Saturday, September 20, 2014

Meridian Contrarin Fund Second Quarter Letter

In the letter, President Daivd Corkins talked about the rise in the S&P 500 and the Russell 2000. He also talked about the Federal Reserve's accomodative policy, the improvements in the housing market, employment and manufacturing.

Letter To Partners:

Dear Shareholder,

During the year ending June 30, 2014, the S&P 500 and the Russell 2500 (small and medium sized companies) returned over 24.6% and 25.5%, respectively. Continued accommodative Fed policy, along with improvements in housing, employment and manufacturing were all supportive macro-economic factors that drove an overall increase in earnings and valuation for the indices.

The current low interest rate environment and the longer-term trends of globalization and technology-enhanced productivity form a powerful recipe for cash-flow generation and capital markets activity. In addition to helping drive strong U.S. equity market returns over the past few years, these market forces are contributing to positive capital flows into equities, increased corporate debt and equity issuance – and a healthy pickup in merger and acquisition activity (M&A). M&A has traditionally been a barometer of overall CEO confidence, and, according to Bloomberg, the dollar value of global M&A during the first half of 2014 increased 89% over the same period a year ago, suggesting investors are not alone in their sanguine view of the future.

While optimism abounds for the market as a whole, it is worth a reminder that the stock market is not the economy. Underlying economic data may not be as robust as stock prices would suggest. First half 2014 U.S. GDP growth is set to come in around 1% (2% annualized) and significant slack remains in the labor market. Reforms and deleveraging in Europe create the specter of deflation in the region and widespread geopolitical tensions remain at the top of the list of overall global risks.

At Arrowpoint and the Meridian Funds (Trades, Portfolio), we are not economic prognosticators, nor traders; our value-add is fundamental research first and foremost. We seek to combine attractive asymmetric risk/reward investments within a risk-managed equity portfolio. The intended outcome is to preserve capital in volatile market environments without sacrificing upside participation in up markets.

As our first year as Investment Adviser to the Meridian Fund family comes to a close, we are excited about enhancements that have been made to the client service side of the business. This includes the establishment of quarterly commentaries and a new website with substantially improved data and functionality. Please visit us at www.meridianfund.com or Arrowpoint Partners at www.ap-am.com for more information on our strategies.

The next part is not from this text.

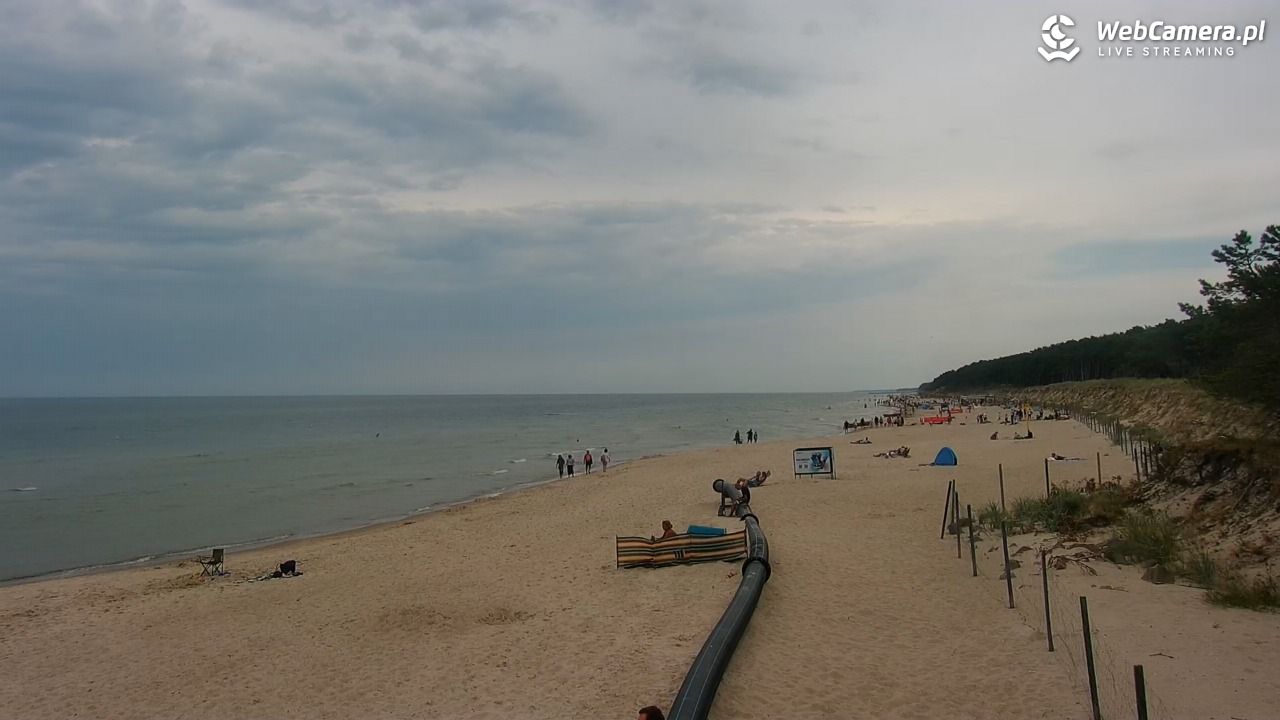 MRZEŻYNO - widok na plażę - 10 sierpień 2026, 13:00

On behalf of all the Meridian and Arrowpoint team members, thank you for your continued trust, confidence and investment in the Meridian Fund family.

Respectfully,

David Corkins

President

Meridian Contrarin Fund portfolio performance

On September 5, 2013, we began managing the Meridian Growth Fund. It is our distinct honor to take the helm of this venerable fund, which was founded by Richard Aster nearly 30 years ago. Through rigorous fundamental research, disciplined portfolio construction and a focus on managing risk before reward, we hope to expand upon Meridian Growth Fund's legacy. We will use the same process and philosophy that served us well managing another mutual fund for 7 years. Namely, our investment philosophy is centered on four key tenets:

Employ fundamental research to identify high-quality growth businesses with predictable and recurring revenues, high returns on invested capital and attractive risk-reward profiles. Build a durable portfolio that first and foremost protects capital in tough, turbulent markets and secondarily keeps up with the broader market in bull market environments. Always think about risk before reward. Almost 30 years of combined experience in small- and mid-cap markets have taught us the importance of sidestepping the landmines and pitfalls that trip up many other investors. Protect and grow your hard-earned savings. To this end, we believe strongly that it's important that we eat our own cooking; we plan to allocate a significant percentage of our own net worth to Meridian Growth Fund.

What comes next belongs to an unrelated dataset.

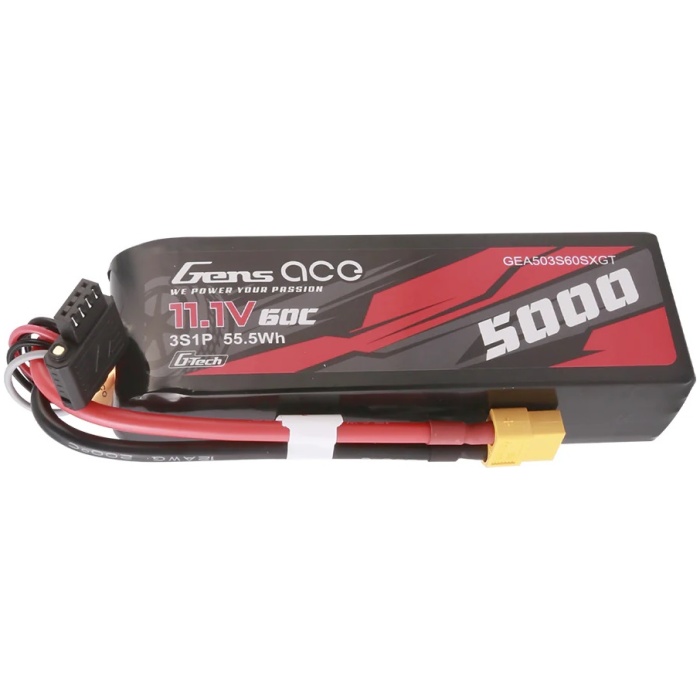 Bateria G-Tech 5000mAh 11.1V 60C 3S1P Lipo XT60 Gens Ace - Image 1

Performance Overview In our opinion, this disciplined process combined with decades of experience, extensive resources and a long-term investment horizon are the key ingredients required for consistent outperformance versus our peers and our benchmark. We look forward to many rewarding years stewarding your capital.

The Meridian Growth Fund – Legacy Shares returned 17.31% during the twelve-month period ending June 30, 2014, underperforming its primary benchmark, the Russell 2500 Growth Index, which rose 26.26%. There were several factors that impacted performance during the period.

The first was the portfolio manager transition that occurred on September 6, 2013. Prior to our portfolio management responsibilities, the portfolio underperformed the index by 4.12%. As part of the transition, we repositioned some of the portfolio's holdings to be consistent with our philosophy and process.

The relative underperformance during the second half of the fiscal year ending June 30, 2014 was driven by the low-quality characteristics, such as low returns on capital, low profit margins and often negative earnings per share, of the stocks that performed best early in 2014. This underperformance was partially offset by the strong relative performance (seen in the low downside capture rates) during the market selloff from March to April 2014.

The Meridian Growth Fund seeks to invest in high-quality (defined by overall profitability) and attractively valued stocks, which means the fund may underperform in periods such as the first quarter of this year.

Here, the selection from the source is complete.